This week’s stand offs between angry passengers and Qantas has seen air travel cross the same threshold of ugliness it did in America , the UK and much of Europe years ago.

It is close to war between some carriers and their customers abroad, with the loathing that exists between British Airways and the mob scenes of its top tier frequent flyer members throwing their cards in disgust on the floor of Heathrow Airport indicative of what happens when incompetence becomes entrenched in service delivery.

But now an Australian airline has started using security and police to protect itself from outraged punters who don’t get what they paid for, which is punctuality, civility and cleanliness.

The invasion of a Qantas Club lounge at Sydney’s international terminal on Monday by passengers who had been completely screwed by a cumulative 24-hour delay on a flight to London really isn’t the amusing incident it was reported as being in some quarters.

It was a rupture of trust that is very dangerous for Qantas, and a clear warning to Virgin Blue and Tiger.

That incident and others that followed this week arise from the inability of Qantas to maintain its fleet in reliable working order.

Pre the lounge invasion Qantas and Jetstar have dumped jetloads of hundreds of passengers at a time in terminals, even outside locked terminals, in Sydney, Perth, Hobart and Honolulu among others as aircraft broke down and staff dithered over the arrangements or obligations needed to accommodate them.

Passengers have been left sleeping on bus shed benches in some cases.

Qantas no longer has enough spare parts nor qualified maintenance staff on duty, to perform the necessary pre-flight or turnaround checks, or carry out what in a full service carrier would be otherwise routine running repairs or rectifications.

It goes beyond the current overtime bans by maintenance workers too.
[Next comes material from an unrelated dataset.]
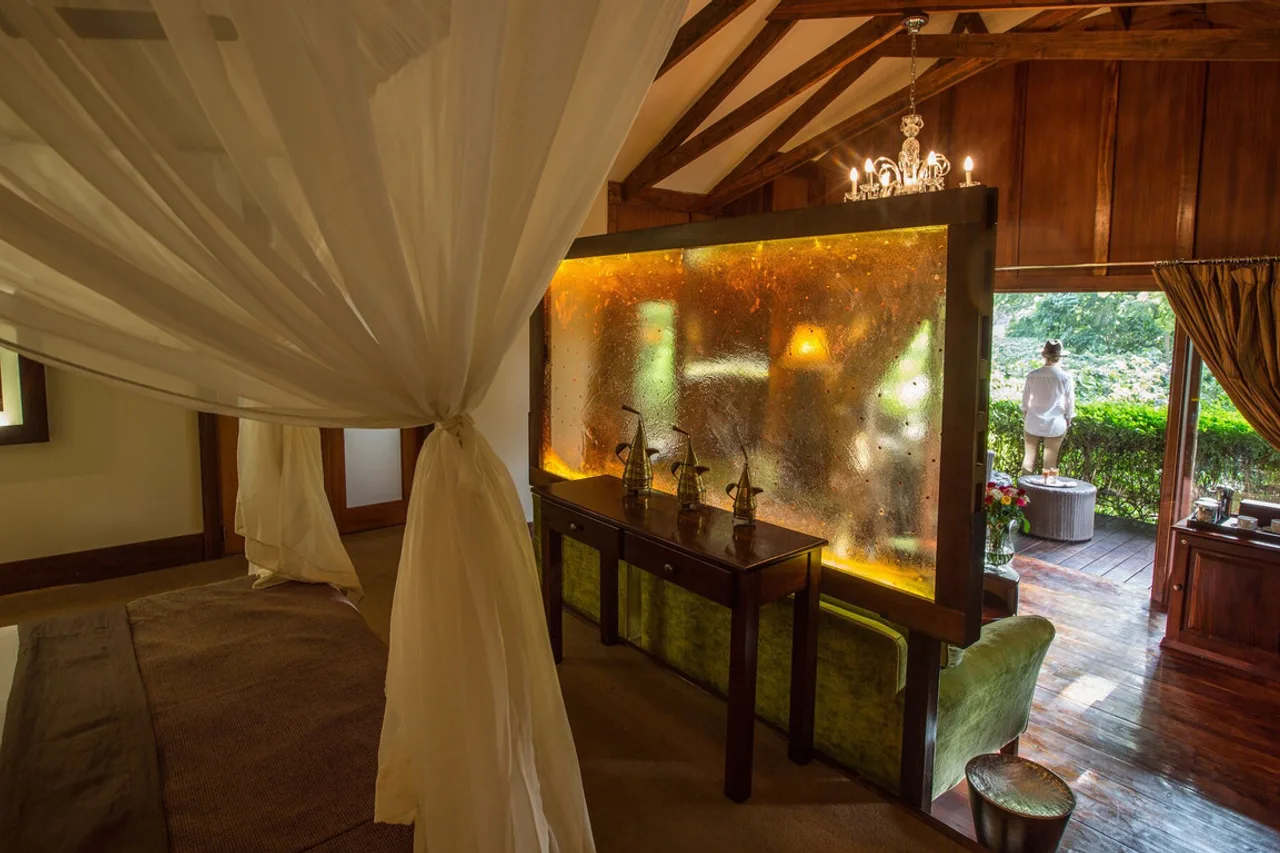Elewana Arusha Coffee Lodge — ภาพห้องพักและบรรยากาศ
Most of the screw ups in Qantas and Jetstar flights this year have happened before the bans were applied.

The forced withdrawal from service of four aged 747s and several seriously unreliable senior 767s just announced by Qantas will make things much worse. These jets aren’t worth the heavy maintenance they need to remain safe and legal, but the replacements Qantas thought it was getting through a large order of Boeing “Dreamliners” isn’t going to happen this year, as planned, or even next year, as more recently promised by the maker, and possibly not until 2011. The Dudliner hasn’t even flown yet. It is still in pieces in Seattle, being wired together.

Yet the maintenance union claims Qantas gutted its engineering resources in Australia in anticipation of outsourcing even more of the work overseas as it introduces new wide bodied jets including the giant Airbus A380s and the Dreamliners and now seems unable to cope with their late deliveries.

Whatever management and the unions say about their respective positions is lost on alienated customers.

The brand is trashing itself as management finds itself trapped by aircraft makers that can’t deliver, and maintenance arrangements that can’t cope.